In Stampa Fe my mother and I go on a mad bacchanalian spree. Piling stamp blocks into my basket, I am even less restrained, I’m sorry to say, than she is. (Given her eyesight problem and seated position she has to struggle and claw a bit to drag things down to her level.) I try to pretend that the stamps I’m grabbing up are ‘cool’ – that my choices express my highly evolved if not Firbankian sense of camp. Thus I eschew the ubiquitous Frida K; ditto anything with Day of the Dead skeletons on it. I avert my eyes from a stamp showing Georgia O’Keeffe in her jaunty gaucho hat.
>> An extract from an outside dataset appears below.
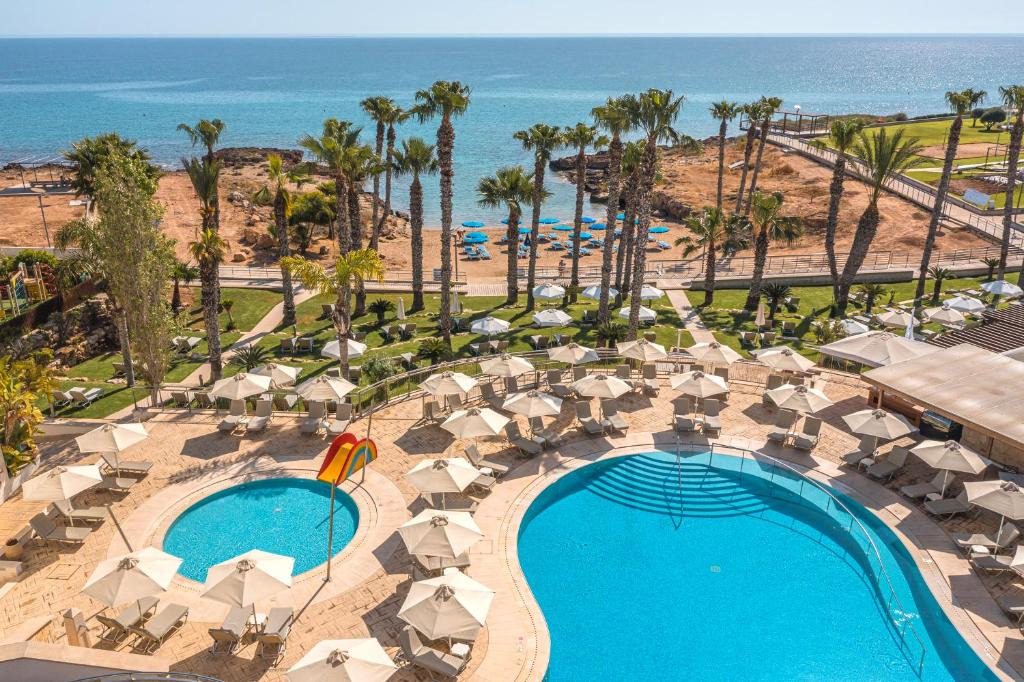 Pernera Hotel | Louis Althea Beach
But somehow I end up with things just as bad: a Japanese carp; multiple images of the Virgin of Guadaloupe; a slightly dazed-looking cormorant; a sumo wrestler kicking one of his fat legs in the air; a woodcut style picture of little people with sombreros on putting loaves into a mudbaked Mexican oven. Despite a longstanding ban on rubber stamps (or coffee cups) with sayings on them – Cherish Life’s Moments, Happy Easter, You Make Me Smile – I succumb to A NEW THRILL FOR THE JADED. I’ll stamp the envelope with it when I send off my next property tax bill.

When we finish our sweep and I’m swaying groggily at the cash register – my mother slumped in her chair behind me like a satisfied pythoness – I’m forced to confront a terrible possibility: that Mavis and I may actually be more alike than I prefer to believe. (B. has sometimes intimated as much.) Even as the plastic machine regurgitates my Visa card with a malevolent whirr, I’m flooding with self-doubt. Whom am I kidding, after all? Is a lurching sumo wrestler in a loincloth really any less vulgar, aesthetically speaking, than my mother’s mermaids or kitty cats? Than a frog wearing a top hat? A poodle playing a tuba? An abyss seems to open up for a moment: I see, as if in Pisgah-vision, the appalling triteness of my sensibility. Forget Agnes Martin: I’m as banal and bourgeois as any of the hundreds of thousands of middle-aged ladies who do ‘scrapbooking’. (See Google for depressing lowdown on this new billion-dollar US leisure industry – the postmodern white-suburban-female equivalent of cyberporn.) And with my mother egging me on, just as she did when I was a child, I clearly can’t control myself. When B. finally comes to drag us away from the place we look like the survivors of a jungle plane crash who have had to resort to cannibalism to survive: the same foam-flecked lips, hollow cheeks and shifty, demented expressions.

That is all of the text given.